ANN: XML and Databases article

Thu Sep 9 01:40:12 BST 1999

[Ron Bourret:]

> I've read Paul's tutorial and the GroveMinder summary on the Web, so
> let's see if I've got this straight.  A grove is basically a
> property set, broken down into classes, each of which has
> properties. There are probably relationships between those
> classes. For example, a grove for XML could have classes for
> elements, attributes, entities, and so on, where the element class
> points to the attribute class.
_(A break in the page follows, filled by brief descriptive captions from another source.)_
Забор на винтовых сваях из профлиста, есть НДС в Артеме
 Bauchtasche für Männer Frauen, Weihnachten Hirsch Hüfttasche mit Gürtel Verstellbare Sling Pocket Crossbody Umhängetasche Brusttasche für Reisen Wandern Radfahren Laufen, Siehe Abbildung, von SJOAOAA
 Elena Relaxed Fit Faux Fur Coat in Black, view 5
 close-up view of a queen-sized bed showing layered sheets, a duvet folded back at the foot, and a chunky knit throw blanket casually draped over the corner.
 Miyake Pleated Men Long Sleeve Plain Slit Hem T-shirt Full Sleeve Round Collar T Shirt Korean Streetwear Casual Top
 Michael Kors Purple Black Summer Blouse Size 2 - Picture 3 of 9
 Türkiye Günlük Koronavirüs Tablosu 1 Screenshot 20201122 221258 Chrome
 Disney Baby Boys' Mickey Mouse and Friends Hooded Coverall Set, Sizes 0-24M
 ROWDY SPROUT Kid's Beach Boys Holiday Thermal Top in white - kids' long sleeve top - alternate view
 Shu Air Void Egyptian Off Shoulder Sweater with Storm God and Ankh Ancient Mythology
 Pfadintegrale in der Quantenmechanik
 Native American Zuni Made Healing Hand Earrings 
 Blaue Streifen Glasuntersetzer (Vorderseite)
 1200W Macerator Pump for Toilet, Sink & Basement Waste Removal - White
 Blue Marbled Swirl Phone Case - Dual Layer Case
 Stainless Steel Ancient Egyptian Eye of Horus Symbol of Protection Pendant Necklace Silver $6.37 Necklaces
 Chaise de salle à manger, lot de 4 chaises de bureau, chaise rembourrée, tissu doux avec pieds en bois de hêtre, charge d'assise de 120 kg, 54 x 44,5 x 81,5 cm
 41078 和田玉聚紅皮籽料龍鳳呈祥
A grove for a relational database
> would have classes for tables, columns, etc., where the table class
> points to the column class.

Pretty close, but not quite on the money.  First of all, a
terminological problem: A grove is the set of objects that results
from understanding (parsing and processing) some particular logical
resource.  No grove is made from more than one logical resource (I say
"logical" resource because some single resources are distributed in
multiple physical containers).  However, more than one grove can be
made from a single resource.  This is because resources have multiple
layers.  For example, in the case of XML documents, there is always
the XML syntax layer of "understanding".  The property set (schema)
for this layer is probably strongly reminiscent of the DOM.  However,
there are one or more vocabularies used in every XML document (there's
always at least one because the element types have names, even if
there's no DTD).  The semantics of these vocabularies may imply
"emergent properties" of the information contained in the resource,
and there can be a property set for each vocabulary's emergent
properties.  So preparing a single resource for application-internal
exploitation may involve creating groves for each vocabulary.  By
giving names to the emergent properties of vocabularies, such property
sets can be, in effect, APIs to the semantics of each vocabulary, thus
opening the way for vocabulary-specific software engines, and for far
more reliable cross-application information interchange than the Web
has ever seen.

So, instead of saying, 

> A grove for XML could have classes for elements, attributes,
> entities, and so on, where the element class points to the attribute
> class.

 ... you might better have said any one of the following (this has to
 be said with extreme precision, so look closely):

| A property set for the XML language could have classes for elements,
| attributes, entity references, and so on, where the element class
| has, as one of its nodal properties an "attribute specification
| list" property, whose value is a list of "attribute value
| specification" nodes.

 or:

| The primary grove form of an XML resource could have nodes
| conforming to the "element", "attribute specification", and "entity"
| classes, and so on, where the "element" class has, as one of its
| properties, an "attribute specification list" property, whose value
| consists of a list of nodes that all must be of the class "attribute
| value specification".

 or, in view of the fact that the DTD of an XML resource is part of
 its grove (when it appears or is referenced by the DOCTYPE
 declaration in an XML resource):

| The primary grove from of an XML resource could have element type
| definitions, attribute list definitions, entity declarations, and so
| on, where the element type definition class has, as one of its nodal
| properties, an "attribute definition list" property, whose value
| consists of a list of nodes that all must be of the class "attribute
| definition".

The second problem with your summary statement is that "points to" is
actually an implementation detail.  The standard only says that nodes
(objects) in groves have properties, and the some properties can be
"nodal" -- that is, the values of such properties can be other nodes
(in the same grove and/or in other groves).  The manner in which a
node is represented to be a property value in any given implementation
is almost certainly going to be via pointing (at least in a von
Neumann architecture machine), but it's important to realize that that
is an implementation decision, and it's inaccurate to say that
"pointing" has anything to do with the grove paradigm.  A property set
can only say that the value of a property is nodal, and
implementations of the grove paradigm must make it appear that the
value of such a property is indeed one or more nodes, but how that is
made to happen is not part of the standard (nor should it be).

So, instead of saying:

> "where the table class points to the column class"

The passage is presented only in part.